§ What this task involves
Copy, word for word, the lines below from the one containing "Inviting dining room" up to and including the one containing "A mug and books", with pictures left out.

Data entries:
^^^^

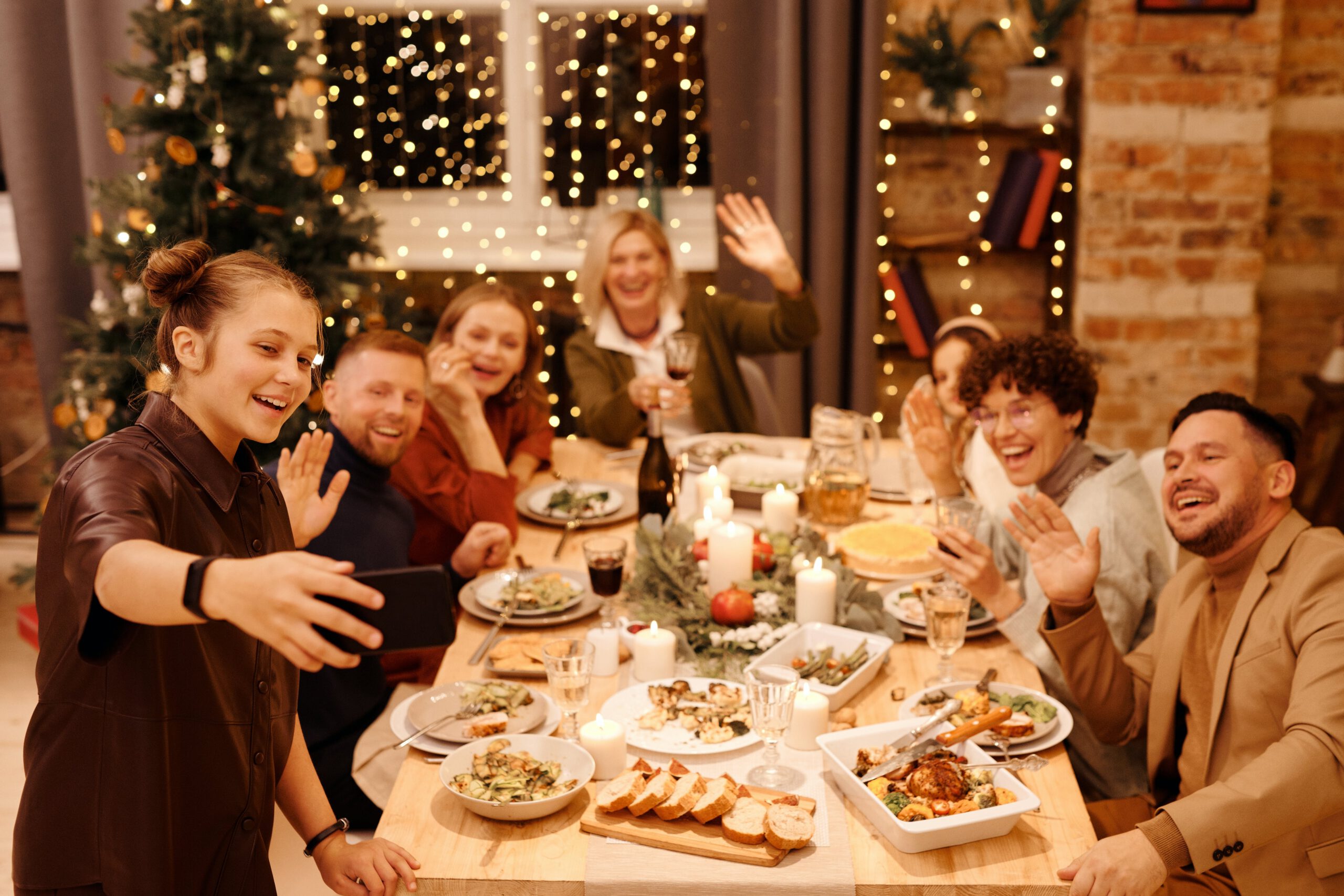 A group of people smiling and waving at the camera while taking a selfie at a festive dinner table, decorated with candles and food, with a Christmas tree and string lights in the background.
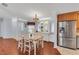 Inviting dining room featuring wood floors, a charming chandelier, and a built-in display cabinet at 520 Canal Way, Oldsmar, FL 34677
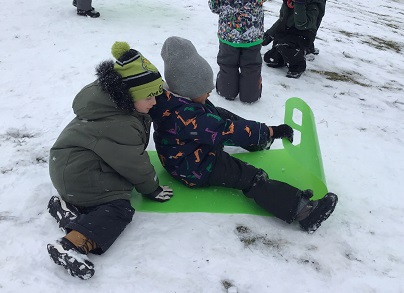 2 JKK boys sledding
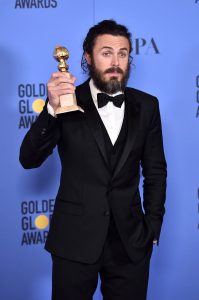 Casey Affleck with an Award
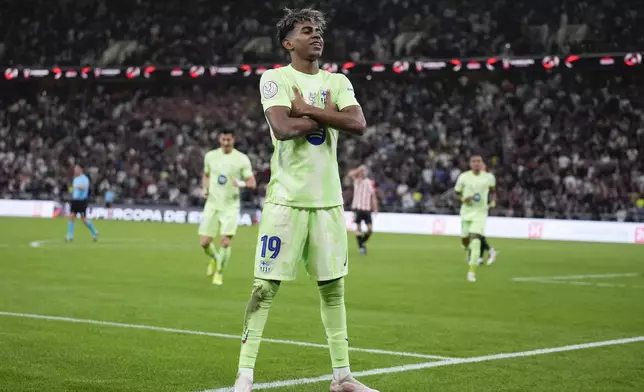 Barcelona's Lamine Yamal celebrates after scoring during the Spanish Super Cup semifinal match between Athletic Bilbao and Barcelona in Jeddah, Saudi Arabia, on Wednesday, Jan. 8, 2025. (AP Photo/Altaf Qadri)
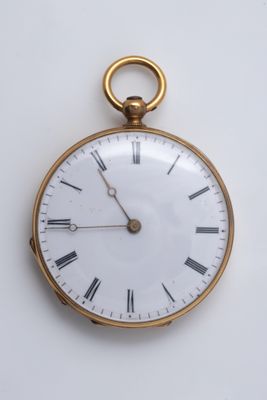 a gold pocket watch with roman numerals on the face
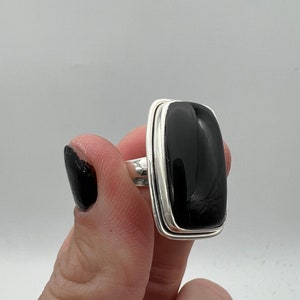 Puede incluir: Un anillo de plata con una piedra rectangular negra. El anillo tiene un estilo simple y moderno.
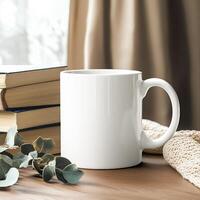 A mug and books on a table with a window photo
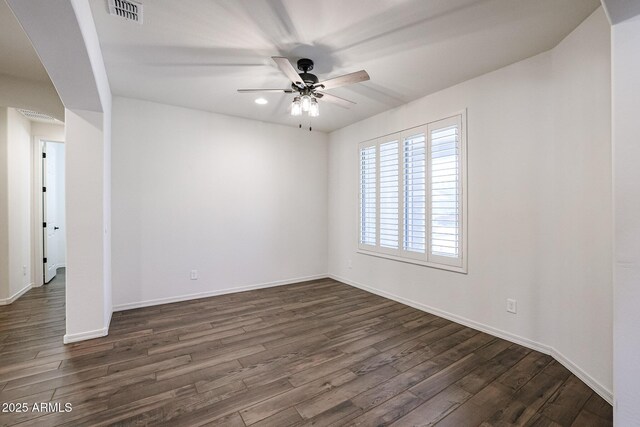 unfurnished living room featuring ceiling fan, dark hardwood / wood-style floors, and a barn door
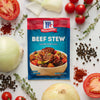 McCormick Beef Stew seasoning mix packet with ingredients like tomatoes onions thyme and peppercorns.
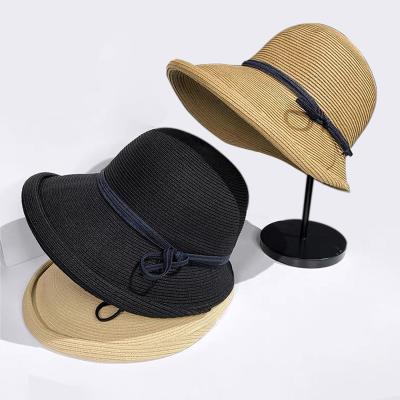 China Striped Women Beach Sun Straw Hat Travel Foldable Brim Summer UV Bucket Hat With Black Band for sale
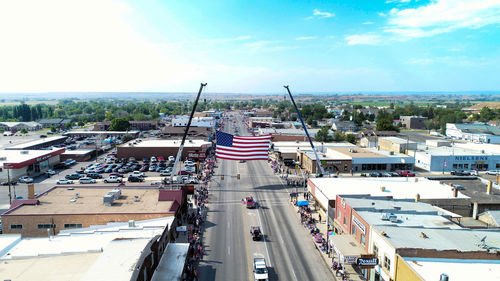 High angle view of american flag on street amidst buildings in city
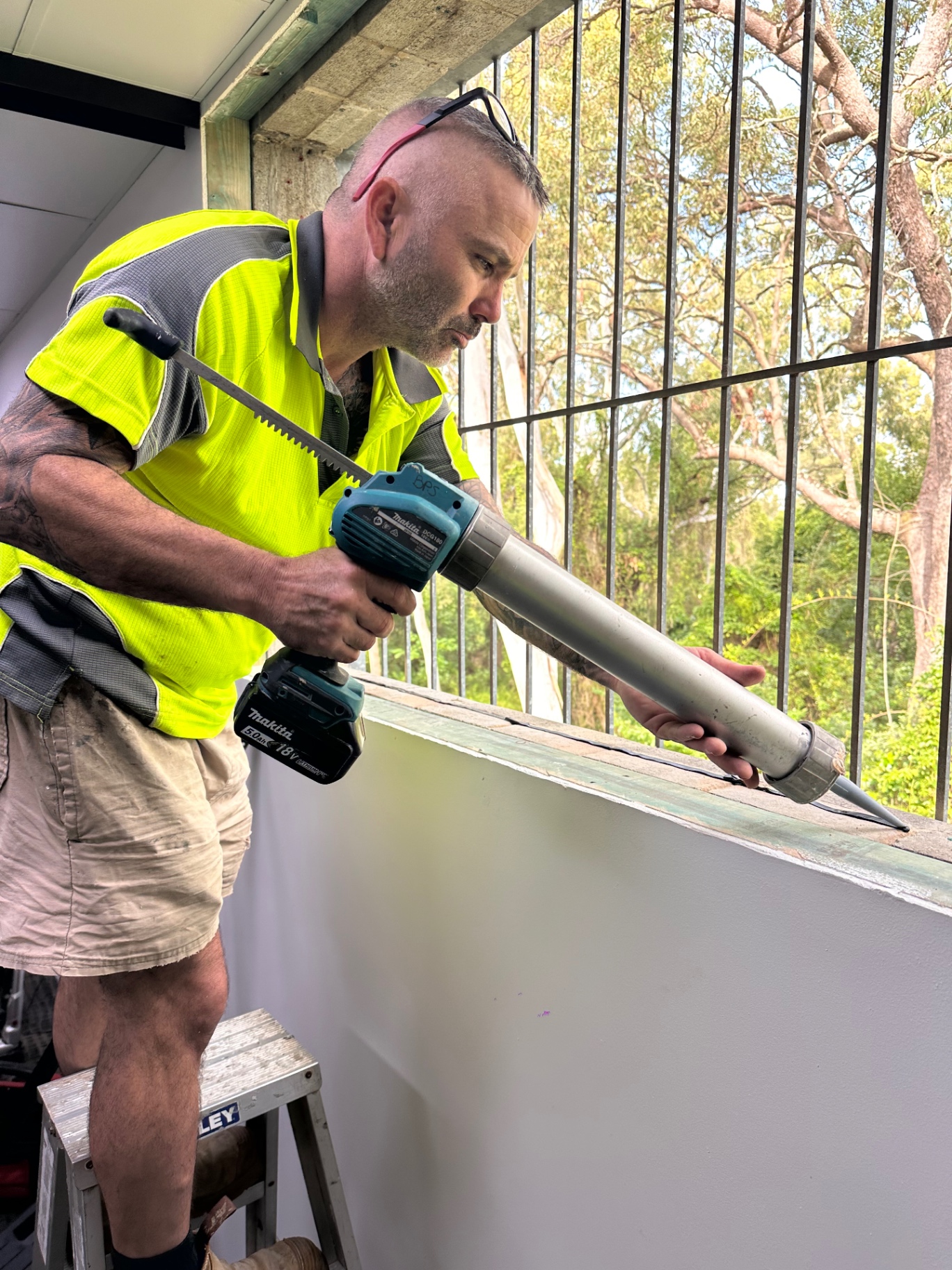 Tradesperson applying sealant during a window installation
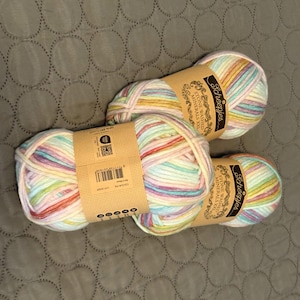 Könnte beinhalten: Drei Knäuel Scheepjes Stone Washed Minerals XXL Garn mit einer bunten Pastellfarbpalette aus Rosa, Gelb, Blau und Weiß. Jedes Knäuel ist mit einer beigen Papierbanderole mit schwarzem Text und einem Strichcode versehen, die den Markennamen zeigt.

^^^^

§ Solved exercise
 Inviting dining room featuring wood floors, a charming chandelier, and a built-in display cabinet at 520 Canal Way, Oldsmar, FL 34677
 2 JKK boys sledding
 Casey Affleck with an Award
 Barcelona's Lamine Yamal celebrates after scoring during the Spanish Super Cup semifinal match between Athletic Bilbao and Barcelona in Jeddah, Saudi Arabia, on Wednesday, Jan. 8, 2025. (AP Photo/Altaf Qadri)
 a gold pocket watch with roman numerals on the face
 Puede incluir: Un anillo de plata con una piedra rectangular negra. El anillo tiene un estilo simple y moderno.
 A mug and books on a table with a window photo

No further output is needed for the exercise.